Sur le vif - Lundi 29.04.19 - 12.12h
Avec mes quelque 500 jours d'armée, principalement entre 1977 et 1990, je ne pense pas pouvoir être soupçonné d'antimilitarisme. Mais je suis en accord total avec Benoît Genecand, lorsqu'il ose mettre en cause l'incroyable liberté de parole, assurément excessive, dont jouit depuis toujours, en Suisse, la Société suisse des officiers, dans le champ politique. Dans un pays comme la France, à forte tradition républicaine, une telle liberté serait inimaginable. Dans la quasi-totalité des autres pays, aussi.
La seule "société" dont un officier doit se sentir membre, c'est l'armée. Et l'armée est un corps de la nation, qui obéit au pouvoir politique, et à nul autre.
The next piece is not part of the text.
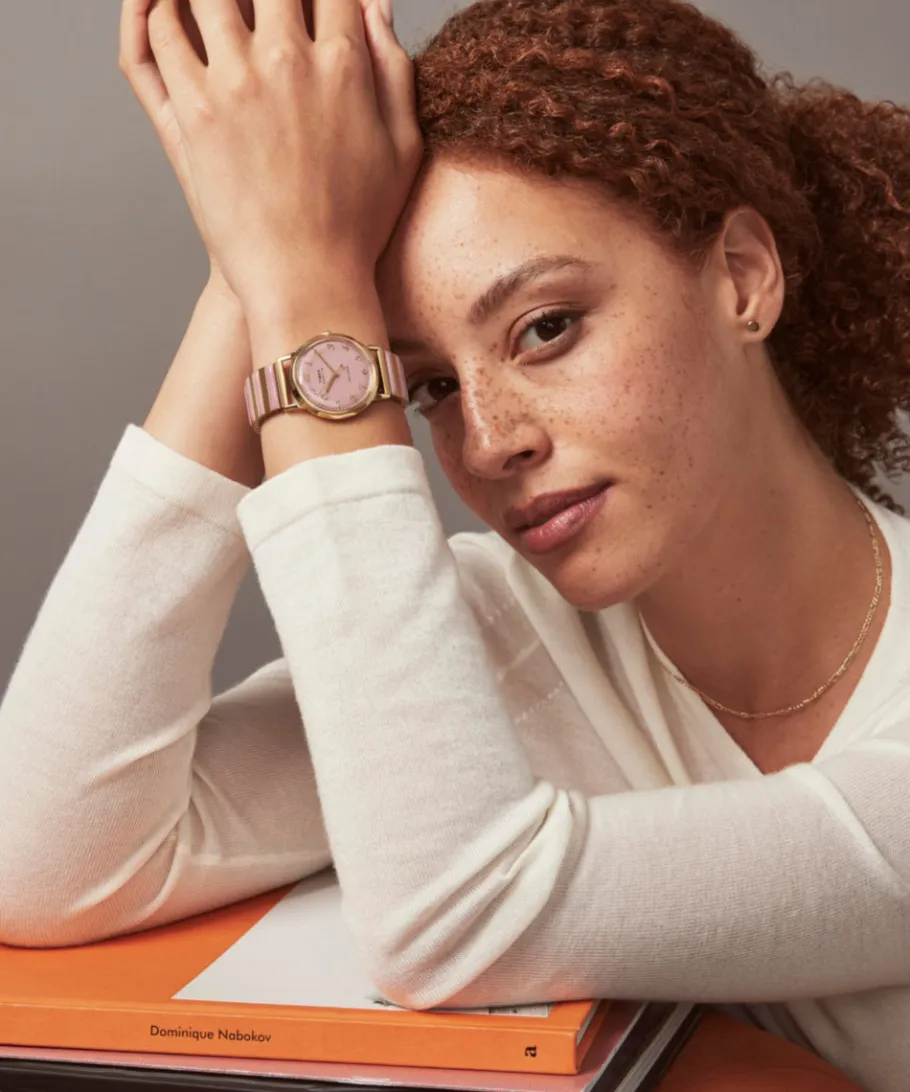Women Timex Gold-tone|Bracelet*Marlin® Hand-Wound 34mm Stainless Steel Expansion Band Watch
L'armée n'est pas un corps autonome. Elle fait ce qu'on lui dit de faire. Ce que le chef du Département lui dit de faire. Ce que le Conseil fédéral lui dit de faire. Au final, elle est au service du peuple suisse. Hors de ce service, elle n'a aucune existence propre, n'a pas à en avoir. Ainsi fonctionne l'idée républicaine.
Ensuite, chaque officier, chaque sous-officier, chaque soldat, lorsqu'il a ôté son uniforme, vote strictement comme il veut, en tant que citoyen. Et prend les positions qu'il veut, dans l'espace public.
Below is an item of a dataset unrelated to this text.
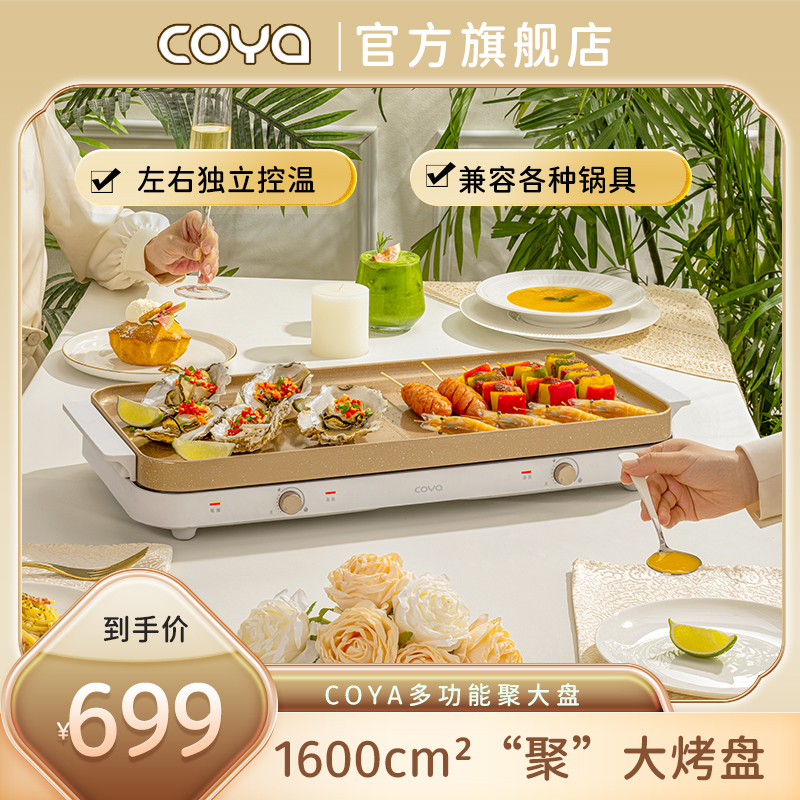 COYAb聚嗨多功能料理锅聚嗨烤肉盘家用电烧烤火锅电烤炉分体聚大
Mais tant qu'il se proclame "officier", "sous-officier", ou "soldat", en tant que tel, il n'a pas à exprimer ses préférences politiques. Il est là pour exécuter ce que le pouvoir civil lui dit de faire.
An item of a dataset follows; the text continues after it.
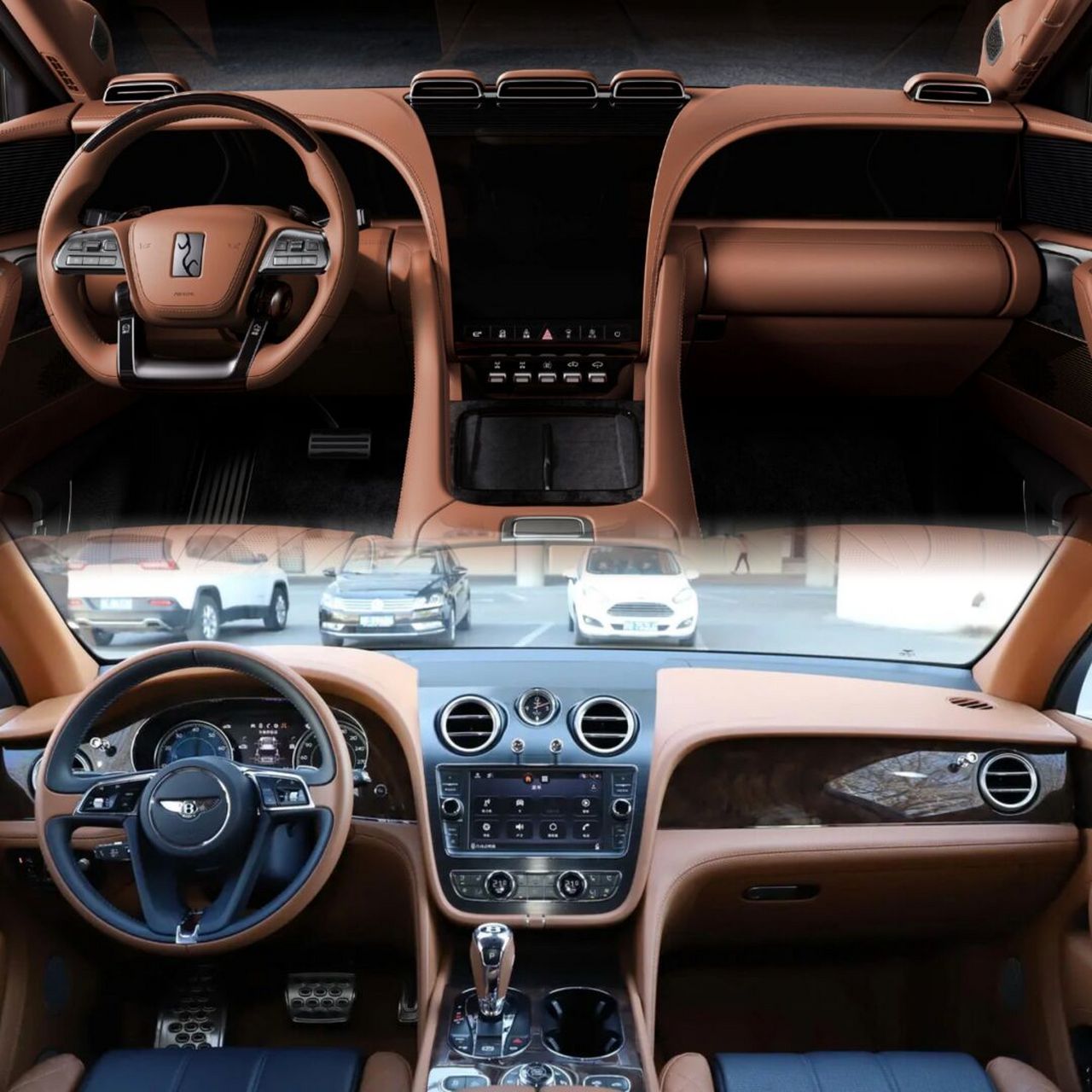 仰望u8 和 宾利内饰对比你更喜欢? 你更喜欢哪个? 	 仰望u8 和 宾利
Le conseiller Benoît Genecand, dont on peut discuter par ailleurs (mais c'est une autre affaire) le côté imprévisible, atypique, a eu parfaitement raison de mettre le doigt sur une certaine arrogance de tonalité dans les prises de position de la Société suisse des officiers. On peut aller plus loin, si on est républicain et non corporatiste, et oser mettre en cause l'existence même de cette société, jusqu'à son nom. Ce libellé m'a toujours gêné : il laisse entendre une sorte d'Etat dans l'Etat, ou de corporation parallèle, toutes choses dont l'intransigeance d'une âme républicaine peut légitimement se méfier.
Ce que j'écris ici n'entame en rien mon attachement à l'armée suisse, pourvu qu'elle soit au service du peuple, pétrie de conscience de son obéissance au pouvoir civil. Une armée n'est pas un corps en soi. Son existence ou sa dilution, les modalités de son organisation et de son financement, ses missions surtout, tout cela doit être défini par le pouvoir civil. Chez nous, le corps démocratique de ses citoyennes et citoyens. Ce sont eux, au final, les vrais patrons de l'armée suisse.